Records from a data source
*** Begin section ***
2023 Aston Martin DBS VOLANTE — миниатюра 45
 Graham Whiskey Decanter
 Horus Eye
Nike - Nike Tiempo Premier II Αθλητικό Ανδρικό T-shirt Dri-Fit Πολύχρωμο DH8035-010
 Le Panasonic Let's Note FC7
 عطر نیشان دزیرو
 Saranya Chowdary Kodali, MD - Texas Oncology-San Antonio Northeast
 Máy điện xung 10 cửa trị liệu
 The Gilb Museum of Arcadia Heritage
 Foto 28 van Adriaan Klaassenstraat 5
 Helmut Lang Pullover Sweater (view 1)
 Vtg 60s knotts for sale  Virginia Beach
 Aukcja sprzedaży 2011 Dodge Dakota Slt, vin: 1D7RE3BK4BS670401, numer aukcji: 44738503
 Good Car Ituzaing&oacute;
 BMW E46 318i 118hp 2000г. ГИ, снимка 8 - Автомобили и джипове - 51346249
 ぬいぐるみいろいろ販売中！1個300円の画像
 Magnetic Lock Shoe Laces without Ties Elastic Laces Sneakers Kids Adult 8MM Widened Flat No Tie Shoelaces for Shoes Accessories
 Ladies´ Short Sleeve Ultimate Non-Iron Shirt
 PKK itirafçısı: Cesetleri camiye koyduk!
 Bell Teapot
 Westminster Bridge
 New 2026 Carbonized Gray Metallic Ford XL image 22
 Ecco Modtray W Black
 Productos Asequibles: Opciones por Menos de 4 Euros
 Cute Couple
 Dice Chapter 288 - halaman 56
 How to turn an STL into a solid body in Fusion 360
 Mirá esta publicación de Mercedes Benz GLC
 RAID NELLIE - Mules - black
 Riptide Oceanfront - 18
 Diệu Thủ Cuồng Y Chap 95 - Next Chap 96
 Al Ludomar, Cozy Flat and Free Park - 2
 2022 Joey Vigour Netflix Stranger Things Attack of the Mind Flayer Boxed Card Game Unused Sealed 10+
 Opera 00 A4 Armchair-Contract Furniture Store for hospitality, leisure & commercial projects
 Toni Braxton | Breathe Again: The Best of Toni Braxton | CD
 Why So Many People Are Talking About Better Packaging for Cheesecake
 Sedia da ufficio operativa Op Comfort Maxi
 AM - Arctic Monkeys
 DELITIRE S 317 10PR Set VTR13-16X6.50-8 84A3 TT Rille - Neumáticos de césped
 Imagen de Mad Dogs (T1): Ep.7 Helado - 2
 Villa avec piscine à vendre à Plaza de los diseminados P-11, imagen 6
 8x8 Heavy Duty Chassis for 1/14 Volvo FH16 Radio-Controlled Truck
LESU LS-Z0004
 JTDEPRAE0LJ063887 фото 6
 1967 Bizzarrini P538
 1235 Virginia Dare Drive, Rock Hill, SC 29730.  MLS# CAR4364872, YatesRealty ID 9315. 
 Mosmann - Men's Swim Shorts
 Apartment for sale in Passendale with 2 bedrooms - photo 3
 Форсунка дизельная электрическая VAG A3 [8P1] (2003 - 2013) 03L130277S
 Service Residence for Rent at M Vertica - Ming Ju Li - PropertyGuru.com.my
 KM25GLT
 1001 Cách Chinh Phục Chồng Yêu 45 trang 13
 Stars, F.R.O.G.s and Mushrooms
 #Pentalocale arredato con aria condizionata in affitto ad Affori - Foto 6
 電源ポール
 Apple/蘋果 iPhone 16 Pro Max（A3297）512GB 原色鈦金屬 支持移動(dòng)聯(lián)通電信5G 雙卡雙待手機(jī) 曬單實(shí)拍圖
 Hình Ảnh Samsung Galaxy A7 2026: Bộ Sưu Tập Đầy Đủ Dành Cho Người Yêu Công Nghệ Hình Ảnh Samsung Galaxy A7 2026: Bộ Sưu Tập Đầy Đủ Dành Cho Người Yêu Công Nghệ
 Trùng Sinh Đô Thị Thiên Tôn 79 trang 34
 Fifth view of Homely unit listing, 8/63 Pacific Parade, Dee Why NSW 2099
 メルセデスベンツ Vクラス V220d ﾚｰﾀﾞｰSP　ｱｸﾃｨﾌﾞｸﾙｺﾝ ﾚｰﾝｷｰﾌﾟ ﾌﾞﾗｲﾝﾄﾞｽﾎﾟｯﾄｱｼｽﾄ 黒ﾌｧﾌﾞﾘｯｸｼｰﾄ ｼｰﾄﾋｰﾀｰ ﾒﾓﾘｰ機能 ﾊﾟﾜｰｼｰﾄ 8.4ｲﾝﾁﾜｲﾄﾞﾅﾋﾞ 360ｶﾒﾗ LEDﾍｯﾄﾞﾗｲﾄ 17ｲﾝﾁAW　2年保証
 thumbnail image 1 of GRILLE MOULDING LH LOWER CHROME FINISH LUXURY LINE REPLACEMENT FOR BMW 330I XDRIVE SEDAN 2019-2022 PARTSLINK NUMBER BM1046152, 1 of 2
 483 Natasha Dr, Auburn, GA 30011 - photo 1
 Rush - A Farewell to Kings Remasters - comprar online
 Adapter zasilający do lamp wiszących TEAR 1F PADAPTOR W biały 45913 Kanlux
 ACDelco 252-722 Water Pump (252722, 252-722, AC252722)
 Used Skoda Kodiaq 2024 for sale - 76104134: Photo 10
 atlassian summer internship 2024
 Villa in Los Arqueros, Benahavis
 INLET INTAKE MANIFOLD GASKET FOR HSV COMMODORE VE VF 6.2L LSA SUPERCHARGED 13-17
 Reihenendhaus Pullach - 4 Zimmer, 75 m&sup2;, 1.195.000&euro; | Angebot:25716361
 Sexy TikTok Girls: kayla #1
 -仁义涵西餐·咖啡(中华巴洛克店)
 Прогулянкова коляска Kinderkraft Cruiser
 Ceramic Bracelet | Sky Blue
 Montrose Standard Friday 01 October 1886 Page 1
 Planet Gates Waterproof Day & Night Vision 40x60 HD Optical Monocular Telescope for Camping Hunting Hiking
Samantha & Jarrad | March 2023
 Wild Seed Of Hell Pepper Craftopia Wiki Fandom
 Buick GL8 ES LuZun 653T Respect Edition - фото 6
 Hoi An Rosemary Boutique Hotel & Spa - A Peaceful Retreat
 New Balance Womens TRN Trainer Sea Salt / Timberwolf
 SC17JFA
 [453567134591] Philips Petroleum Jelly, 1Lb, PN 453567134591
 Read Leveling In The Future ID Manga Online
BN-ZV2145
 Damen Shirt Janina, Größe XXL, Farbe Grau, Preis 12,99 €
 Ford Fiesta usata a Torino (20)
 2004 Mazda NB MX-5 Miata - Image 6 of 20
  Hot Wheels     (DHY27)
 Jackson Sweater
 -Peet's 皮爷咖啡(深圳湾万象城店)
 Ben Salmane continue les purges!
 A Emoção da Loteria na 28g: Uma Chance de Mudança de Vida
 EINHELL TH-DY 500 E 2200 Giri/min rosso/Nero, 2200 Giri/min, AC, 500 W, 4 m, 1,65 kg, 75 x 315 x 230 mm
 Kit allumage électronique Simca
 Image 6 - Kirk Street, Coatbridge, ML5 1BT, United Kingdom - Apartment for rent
*** End section ***
● EXERCISE OBJECTIVE
Could you return all the data above exactly as it appears?

● TASK RESPONSE
2023 Aston Martin DBS VOLANTE — миниатюра 45
 Graham Whiskey Decanter
 Horus Eye
Nike - Nike Tiempo Premier II Αθλητικό Ανδρικό T-shirt Dri-Fit Πολύχρωμο DH8035-010
 Le Panasonic Let's Note FC7
 عطر نیشان دزیرو
 Saranya Chowdary Kodali, MD - Texas Oncology-San Antonio Northeast
 Máy điện xung 10 cửa trị liệu
 The Gilb Museum of Arcadia Heritage
 Foto 28 van Adriaan Klaassenstraat 5
 Helmut Lang Pullover Sweater (view 1)
 Vtg 60s knotts for sale  Virginia Beach
 Aukcja sprzedaży 2011 Dodge Dakota Slt, vin: 1D7RE3BK4BS670401, numer aukcji: 44738503
 Good Car Ituzaing&oacute;
 BMW E46 318i 118hp 2000г. ГИ, снимка 8 - Автомобили и джипове - 51346249
 ぬいぐるみいろいろ販売中！1個300円の画像
 Magnetic Lock Shoe Laces without Ties Elastic Laces Sneakers Kids Adult 8MM Widened Flat No Tie Shoelaces for Shoes Accessories
 Ladies´ Short Sleeve Ultimate Non-Iron Shirt
 PKK itirafçısı: Cesetleri camiye koyduk!
 Bell Teapot
 Westminster Bridge
 New 2026 Carbonized Gray Metallic Ford XL image 22
 Ecco Modtray W Black
 Productos Asequibles: Opciones por Menos de 4 Euros
 Cute Couple
 Dice Chapter 288 - halaman 56
 How to turn an STL into a solid body in Fusion 360
 Mirá esta publicación de Mercedes Benz GLC
 RAID NELLIE - Mules - black
 Riptide Oceanfront - 18
 Diệu Thủ Cuồng Y Chap 95 - Next Chap 96
 Al Ludomar, Cozy Flat and Free Park - 2
 2022 Joey Vigour Netflix Stranger Things Attack of the Mind Flayer Boxed Card Game Unused Sealed 10+
 Opera 00 A4 Armchair-Contract Furniture Store for hospitality, leisure & commercial projects
 Toni Braxton | Breathe Again: The Best of Toni Braxton | CD
 Why So Many People Are Talking About Better Packaging for Cheesecake
 Sedia da ufficio operativa Op Comfort Maxi
 AM - Arctic Monkeys
 DELITIRE S 317 10PR Set VTR13-16X6.50-8 84A3 TT Rille - Neumáticos de césped
 Imagen de Mad Dogs (T1): Ep.7 Helado - 2
 Villa avec piscine à vendre à Plaza de los diseminados P-11, imagen 6
 8x8 Heavy Duty Chassis for 1/14 Volvo FH16 Radio-Controlled Truck
LESU LS-Z0004
 JTDEPRAE0LJ063887 фото 6
 1967 Bizzarrini P538
 1235 Virginia Dare Drive, Rock Hill, SC 29730.  MLS# CAR4364872, YatesRealty ID 9315. 
 Mosmann - Men's Swim Shorts
 Apartment for sale in Passendale with 2 bedrooms - photo 3
 Форсунка дизельная электрическая VAG A3 [8P1] (2003 - 2013) 03L130277S
 Service Residence for Rent at M Vertica - Ming Ju Li - PropertyGuru.com.my
 KM25GLT
 1001 Cách Chinh Phục Chồng Yêu 45 trang 13
 Stars, F.R.O.G.s and Mushrooms
 #Pentalocale arredato con aria condizionata in affitto ad Affori - Foto 6
 電源ポール
 Apple/蘋果 iPhone 16 Pro Max（A3297）512GB 原色鈦金屬 支持移動(dòng)聯(lián)通電信5G 雙卡雙待手機(jī) 曬單實(shí)拍圖
 Hình Ảnh Samsung Galaxy A7 2026: Bộ Sưu Tập Đầy Đủ Dành Cho Người Yêu Công Nghệ Hình Ảnh Samsung Galaxy A7 2026: Bộ Sưu Tập Đầy Đủ Dành Cho Người Yêu Công Nghệ
 Trùng Sinh Đô Thị Thiên Tôn 79 trang 34
 Fifth view of Homely unit listing, 8/63 Pacific Parade, Dee Why NSW 2099
 メルセデスベンツ Vクラス V220d ﾚｰﾀﾞｰSP　ｱｸﾃｨﾌﾞｸﾙｺﾝ ﾚｰﾝｷｰﾌﾟ ﾌﾞﾗｲﾝﾄﾞｽﾎﾟｯﾄｱｼｽﾄ 黒ﾌｧﾌﾞﾘｯｸｼｰﾄ ｼｰﾄﾋｰﾀｰ ﾒﾓﾘｰ機能 ﾊﾟﾜｰｼｰﾄ 8.4ｲﾝﾁﾜｲﾄﾞﾅﾋﾞ 360ｶﾒﾗ LEDﾍｯﾄﾞﾗｲﾄ 17ｲﾝﾁAW　2年保証
 thumbnail image 1 of GRILLE MOULDING LH LOWER CHROME FINISH LUXURY LINE REPLACEMENT FOR BMW 330I XDRIVE SEDAN 2019-2022 PARTSLINK NUMBER BM1046152, 1 of 2
 483 Natasha Dr, Auburn, GA 30011 - photo 1
 Rush - A Farewell to Kings Remasters - comprar online
 Adapter zasilający do lamp wiszących TEAR 1F PADAPTOR W biały 45913 Kanlux
 ACDelco 252-722 Water Pump (252722, 252-722, AC252722)
 Used Skoda Kodiaq 2024 for sale - 76104134: Photo 10
 atlassian summer internship 2024
 Villa in Los Arqueros, Benahavis
 INLET INTAKE MANIFOLD GASKET FOR HSV COMMODORE VE VF 6.2L LSA SUPERCHARGED 13-17
 Reihenendhaus Pullach - 4 Zimmer, 75 m&sup2;, 1.195.000&euro; | Angebot:25716361
 Sexy TikTok Girls: kayla #1
 -仁义涵西餐·咖啡(中华巴洛克店)
 Прогулянкова коляска Kinderkraft Cruiser
 Ceramic Bracelet | Sky Blue
 Montrose Standard Friday 01 October 1886 Page 1
 Planet Gates Waterproof Day & Night Vision 40x60 HD Optical Monocular Telescope for Camping Hunting Hiking
Samantha & Jarrad | March 2023
 Wild Seed Of Hell Pepper Craftopia Wiki Fandom
 Buick GL8 ES LuZun 653T Respect Edition - фото 6
 Hoi An Rosemary Boutique Hotel & Spa - A Peaceful Retreat
 New Balance Womens TRN Trainer Sea Salt / Timberwolf
 SC17JFA
 [453567134591] Philips Petroleum Jelly, 1Lb, PN 453567134591
 Read Leveling In The Future ID Manga Online
BN-ZV2145
 Damen Shirt Janina, Größe XXL, Farbe Grau, Preis 12,99 €
 Ford Fiesta usata a Torino (20)
 2004 Mazda NB MX-5 Miata - Image 6 of 20
  Hot Wheels     (DHY27)
 Jackson Sweater
 -Peet's 皮爷咖啡(深圳湾万象城店)
 Ben Salmane continue les purges!
 A Emoção da Loteria na 28g: Uma Chance de Mudança de Vida
 EINHELL TH-DY 500 E 2200 Giri/min rosso/Nero, 2200 Giri/min, AC, 500 W, 4 m, 1,65 kg, 75 x 315 x 230 mm
 Kit allumage électronique Simca
 Image 6 - Kirk Street, Coatbridge, ML5 1BT, United Kingdom - Apartment for rent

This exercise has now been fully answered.